[Data records]
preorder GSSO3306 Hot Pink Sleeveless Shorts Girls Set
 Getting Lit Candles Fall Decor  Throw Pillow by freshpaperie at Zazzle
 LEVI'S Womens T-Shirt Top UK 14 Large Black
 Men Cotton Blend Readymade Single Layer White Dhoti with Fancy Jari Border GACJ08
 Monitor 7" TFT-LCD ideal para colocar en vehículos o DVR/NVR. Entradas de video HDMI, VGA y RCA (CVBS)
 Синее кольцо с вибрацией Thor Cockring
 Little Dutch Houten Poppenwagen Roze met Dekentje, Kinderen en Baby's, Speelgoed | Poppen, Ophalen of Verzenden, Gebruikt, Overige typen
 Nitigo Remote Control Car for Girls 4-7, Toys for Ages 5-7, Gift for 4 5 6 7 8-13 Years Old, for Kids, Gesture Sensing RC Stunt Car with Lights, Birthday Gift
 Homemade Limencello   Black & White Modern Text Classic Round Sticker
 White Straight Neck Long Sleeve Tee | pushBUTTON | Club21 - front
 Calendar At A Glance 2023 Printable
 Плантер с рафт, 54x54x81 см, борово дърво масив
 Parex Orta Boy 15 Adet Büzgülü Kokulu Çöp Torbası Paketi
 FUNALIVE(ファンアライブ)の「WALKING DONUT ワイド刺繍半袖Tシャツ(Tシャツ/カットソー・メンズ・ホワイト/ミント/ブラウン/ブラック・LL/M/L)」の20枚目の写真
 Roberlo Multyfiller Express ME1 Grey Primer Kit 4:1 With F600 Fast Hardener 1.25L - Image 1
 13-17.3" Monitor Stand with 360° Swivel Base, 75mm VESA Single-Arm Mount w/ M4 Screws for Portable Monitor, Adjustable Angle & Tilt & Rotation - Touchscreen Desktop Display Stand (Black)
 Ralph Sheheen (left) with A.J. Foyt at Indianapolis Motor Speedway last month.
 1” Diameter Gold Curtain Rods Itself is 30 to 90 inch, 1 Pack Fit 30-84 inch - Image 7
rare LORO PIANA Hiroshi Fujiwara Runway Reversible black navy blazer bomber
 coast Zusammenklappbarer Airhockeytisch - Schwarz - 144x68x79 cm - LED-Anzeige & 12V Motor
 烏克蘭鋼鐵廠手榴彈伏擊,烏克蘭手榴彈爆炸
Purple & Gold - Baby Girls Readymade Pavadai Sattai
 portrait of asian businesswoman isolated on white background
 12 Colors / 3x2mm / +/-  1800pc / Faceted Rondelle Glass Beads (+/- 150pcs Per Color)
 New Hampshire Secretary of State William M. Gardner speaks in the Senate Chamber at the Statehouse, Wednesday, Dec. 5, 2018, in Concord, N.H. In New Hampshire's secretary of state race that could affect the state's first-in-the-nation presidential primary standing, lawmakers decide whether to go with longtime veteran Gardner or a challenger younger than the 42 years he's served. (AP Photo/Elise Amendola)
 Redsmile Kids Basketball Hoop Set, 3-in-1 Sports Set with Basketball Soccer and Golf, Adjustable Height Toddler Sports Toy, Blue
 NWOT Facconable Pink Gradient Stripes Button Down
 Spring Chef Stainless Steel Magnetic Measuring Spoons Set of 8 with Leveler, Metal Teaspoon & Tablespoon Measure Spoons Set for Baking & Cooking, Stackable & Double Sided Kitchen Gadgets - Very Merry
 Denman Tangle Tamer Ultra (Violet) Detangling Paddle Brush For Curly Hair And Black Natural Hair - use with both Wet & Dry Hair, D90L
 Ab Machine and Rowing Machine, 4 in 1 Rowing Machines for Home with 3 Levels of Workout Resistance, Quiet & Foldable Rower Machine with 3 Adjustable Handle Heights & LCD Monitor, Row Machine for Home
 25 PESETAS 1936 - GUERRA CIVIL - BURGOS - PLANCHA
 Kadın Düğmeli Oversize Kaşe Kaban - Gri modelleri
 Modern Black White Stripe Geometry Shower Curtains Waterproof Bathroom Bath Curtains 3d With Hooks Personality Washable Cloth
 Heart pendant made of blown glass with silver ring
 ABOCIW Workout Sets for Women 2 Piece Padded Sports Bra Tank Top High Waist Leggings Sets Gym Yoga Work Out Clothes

### Task description
Start at the first line of the entries above. Set down each line exactly through the one with "Синее кольцо с вибрацией Thor Cockring", and stop there.

### Result of this task
preorder GSSO3306 Hot Pink Sleeveless Shorts Girls Set
 Getting Lit Candles Fall Decor  Throw Pillow by freshpaperie at Zazzle
 LEVI'S Womens T-Shirt Top UK 14 Large Black
 Men Cotton Blend Readymade Single Layer White Dhoti with Fancy Jari Border GACJ08
 Monitor 7" TFT-LCD ideal para colocar en vehículos o DVR/NVR. Entradas de video HDMI, VGA y RCA (CVBS)
 Синее кольцо с вибрацией Thor Cockring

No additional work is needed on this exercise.